╭──

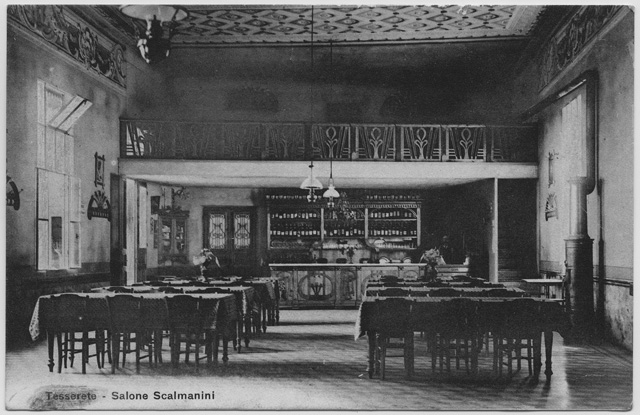 Cartolina del salone Scalmanini a Tesserete
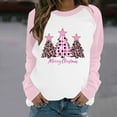 thumbnail image 2 of Lopecy-Sta Women's Pink Christmas Tree Print Raglan Sweatshirt, Casual Long Sleeve Crew Neck Pullover, Healthy Fabric Fleece Holiday Top for Women Pink XL, 2 of 3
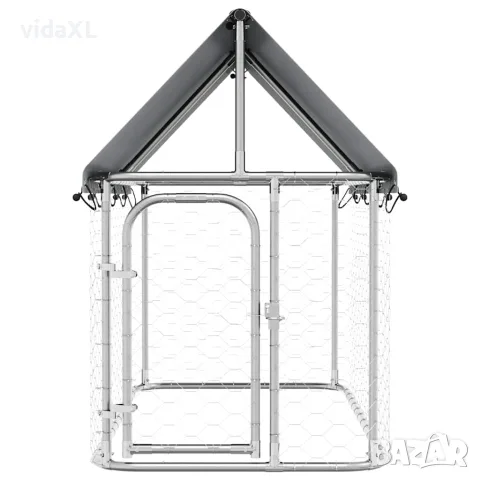 vidaXL Дворна клетка за кучета с покрив, 200x100x150 см, снимка 6 - За кучета - 56146209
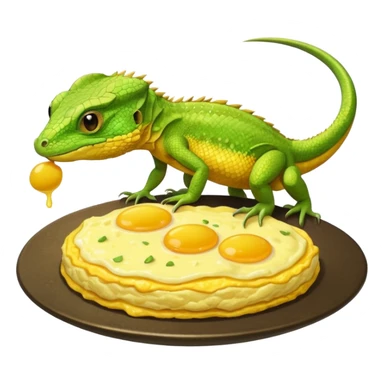 lizard eating omelette sticker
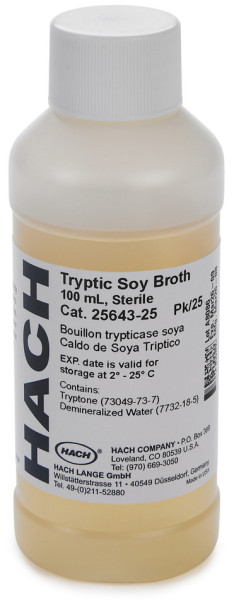 Hach Bottles, tryptic soy broth, 25/pk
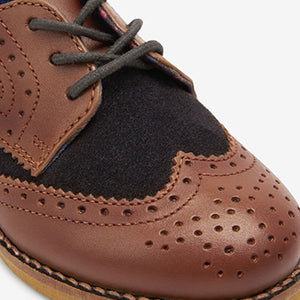 Tan Brown / Navy Blue Leather Brogue Shoes (Younger Boys)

╰──

▸ Instructions to follow: Repeat the material above word for word but skip the images.

▸ Answer:
 Cartolina del salone Scalmanini a Tesserete
 thumbnail image 2 of Lopecy-Sta Women's Pink Christmas Tree Print Raglan Sweatshirt, Casual Long Sleeve Crew Neck Pullover, Healthy Fabric Fleece Holiday Top for Women Pink XL, 2 of 3
 vidaXL Дворна клетка за кучета с покрив, 200x100x150 см, снимка 6 - За кучета - 56146209
 lizard eating omelette sticker
 Hach Bottles, tryptic soy broth, 25/pk
 Tan Brown / Navy Blue Leather Brogue Shoes (Younger Boys)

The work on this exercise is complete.